Certainty or confidence

Two examples of image features are local edge orientation and local velocity in an image sequence. In the case of orientation, the value of this feature may be more or less undefined if more than one edge are present in the corresponding neighborhood. Local velocity is undefined if the corresponding image region does not contain any spatial variation. As a consequence of this observation it may be relevant use a feature representation which includes a measure of certainty or confidence related to the statement about the feature value. Otherwise, it is a typical situation that the same descriptor is used to represent feature values of low certainty and feature values close to zero, with a resulting ambiguity in the interpretation of this descriptor. Depending on the application, such an ambiguity may or may not be acceptable.

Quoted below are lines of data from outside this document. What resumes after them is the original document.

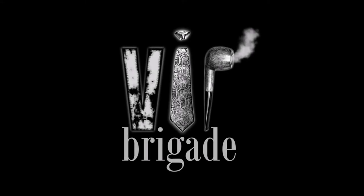Hey there friends, welcome to the very first video from VIP Brigade. My name is Justin, I am the creator and founder of VIP Brigade, and for this first video we're going to be focusing on the P for pipes and tobacco. VIP Brigade is an acronym that stands for a lot of fun things that I enjoy and would love to share with you guys.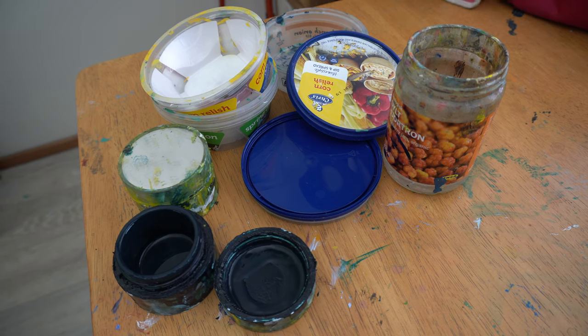Another eco tip is not to buy palettes, because you can use any kind of yogurt, makeup, or dip containers that you bring home as palettes. Those things would end up being thrown away anyway, so it's a really good way to recycle what you bring home.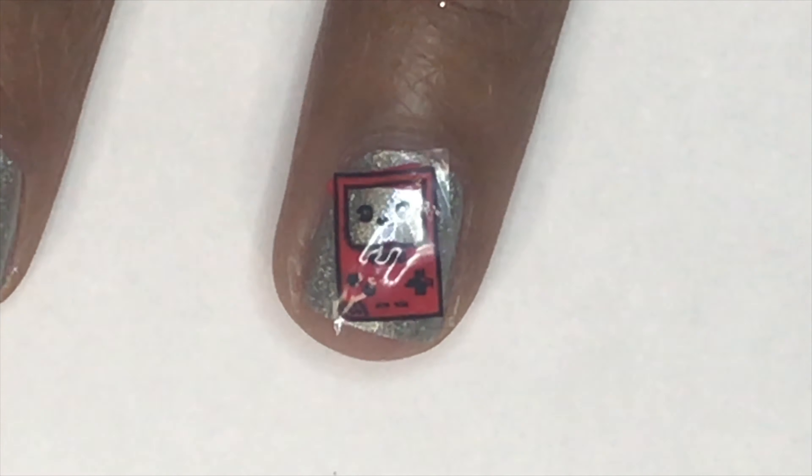Trimming it down will make it a little easier. Now I'm just going to flip the decal over and place it where I want it on my nails, then push it down a little bit with my fingers. After that, I will go over the decal with a top coat to seal it in.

In particular if a feature image will be used in subsequent processing, it may be a good idea to employ a feature representation which includes information about certainty or confidence. This enables a new feature descriptor to be computed from several descriptors, for example computed at the same image point but at different scales, or from different but neighboring points, in terms of a weighted average where the weights are derived from the corresponding certainties. In the simples case, the corresponding computation can be implemented as a low-pass filtering of the feature image. The resulting feature image will, in general, be more stable to noise.

Averageability

In addition to having certainty measures included in the representation, the representation of the corresponding feature values may itself be suitable for an averaging operation or not. Most feature representations can be averaged in practice, but only in certain cases can the resulting descriptor be given a correct interpretation in terms of a feature value. Such representations are referred to as averageable.

For example, if the orientation of an edge is represented in terms of an angle, this representation must have a discontinuity where the angle wraps from its maximal value to its minimal value. Consequently, it can happen that two similar orientations are represented by angles which have a mean that does not lie close to either of the original angles and, hence, this representation is not averageable. There are other representations of edge orientation, such as the structure tensor, which are averageable.

Another example relates to motion, where in some cases only the normal velocity relative to some edge can be extracted. If two such features have been extracted and they can be assumed to refer to same true velocity, this velocity is not given as the average of the normal velocity vectors. Hence, normal velocity vectors are not averageable. Instead, there are other representations of motions, using matrices or tensors, that give the true velocity in terms of an average operation of the normal velocity descriptors.

Feature vectors and feature spaces

In some applications it is not sufficient to extract only one type of feature to obtain the relevant information from the image data. Instead two or more different features are extracted, resulting in two or more feature descriptors at each image point. A common practice is to organize the information provided by all these descriptors as the elements of one single vector, commonly referred to as a feature vector. The set of all possible feature vectors constitute a feature space.

A common example of feature vectors appears when each image point is to be classified as belonging to a specific class. Assuming that each image point has a corresponding feature vector based on a suitable set of features, meaning that each class is well separated in the corresponding feature space, the classification of each image point can be done using standard classification method.

Another, and related example, occurs when neural network based processing is applied to images. The input data fed to the neural network is often given in terms of a feature vector from each image point, where the vector is constructed from several different feature extracted from the image data. During a learning phase, the networks can itself find which combinations of different features that are useful for solving the problem at hand.